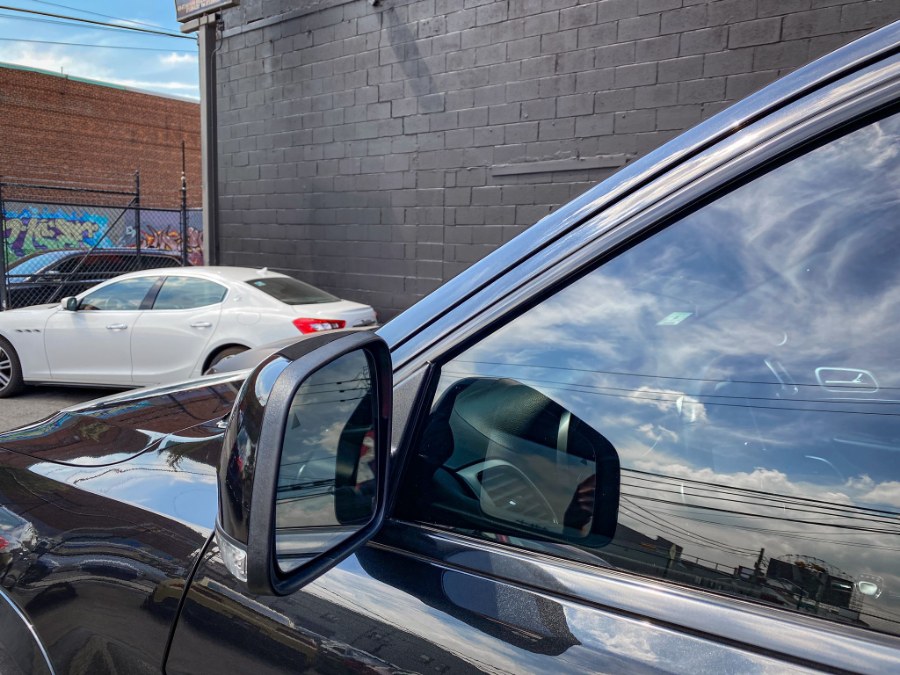 Used Jeep Grand Cherokee 4WD 4dr Overland 2015 | RT Auto Center LLC. Newark, New Jersey Used Jeep Grand Cherokee 4WD 4dr Overland 2015 | RT Auto Center LLC. Newark, New Jersey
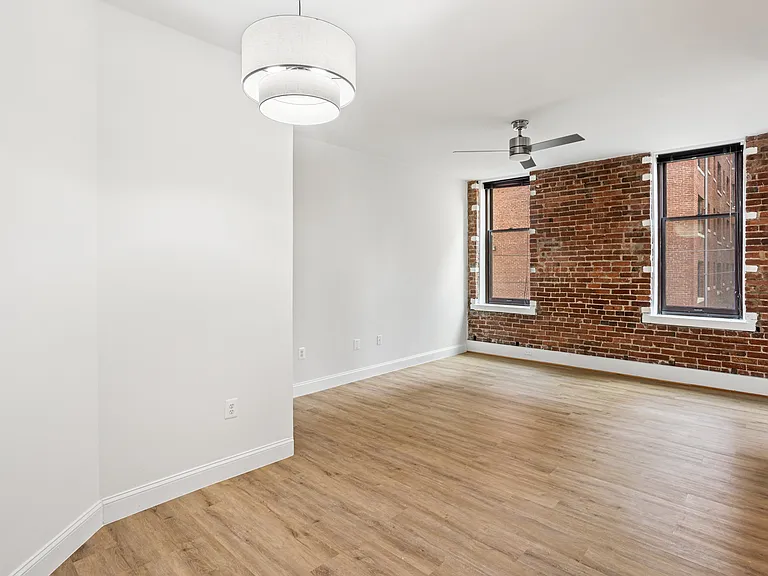 1615 Q St NW #210 — Photo 4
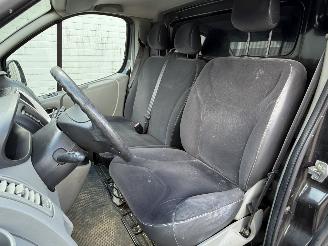 Renault Trafic 2.0 dCi T29 L2H1 Automaat picture 17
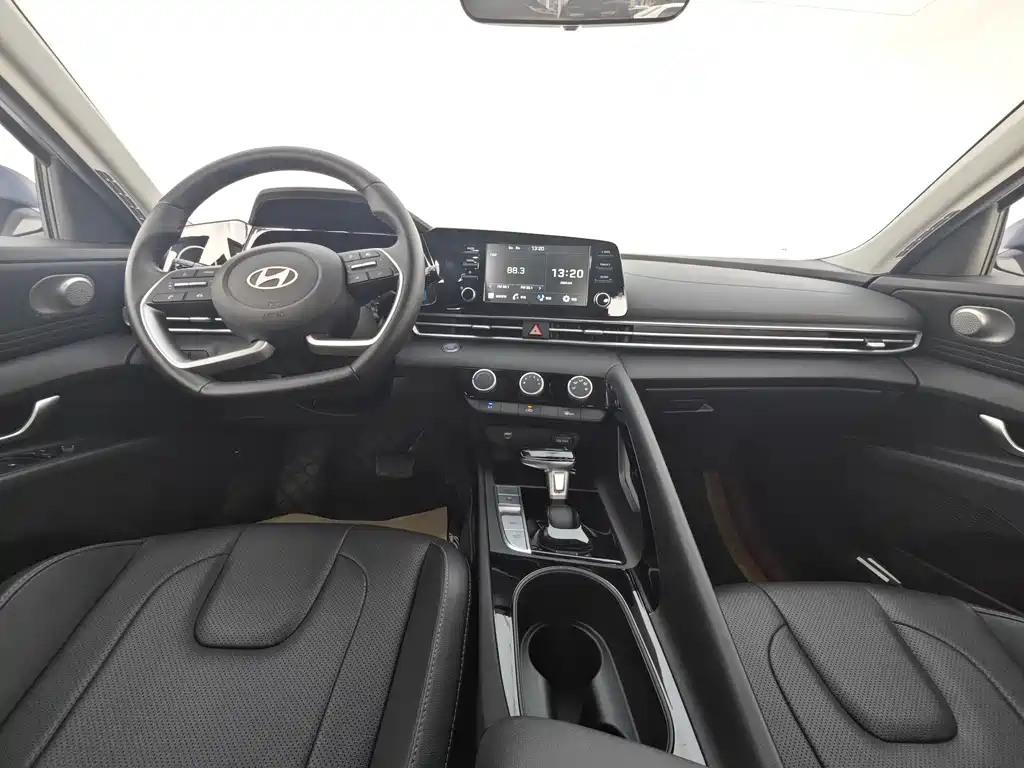 Hyundai Elantra — фото 20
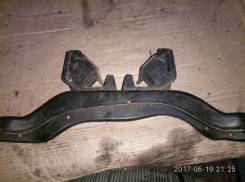 Подушка коробки передач. Subaru Legacy, BGA, BGB, BG5, BGC, BG9, BG7, BD5, BD9 Subaru Impreza, GC4 Двигатели: EJ20E, EJ25D, EJ22E, EJ16E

-- -- --

What you need to do: Set every entry down again word for word, but not the pictures.

Written answer:
 Used Jeep Grand Cherokee 4WD 4dr Overland 2015 | RT Auto Center LLC. Newark, New Jersey Used Jeep Grand Cherokee 4WD 4dr Overland 2015 | RT Auto Center LLC. Newark, New Jersey
 1615 Q St NW #210 — Photo 4
 Renault Trafic 2.0 dCi T29 L2H1 Automaat picture 17
 Hyundai Elantra — фото 20
 Подушка коробки передач. Subaru Legacy, BGA, BGB, BG5, BGC, BG9, BG7, BD5, BD9 Subaru Impreza, GC4 Двигатели: EJ20E, EJ25D, EJ22E, EJ16E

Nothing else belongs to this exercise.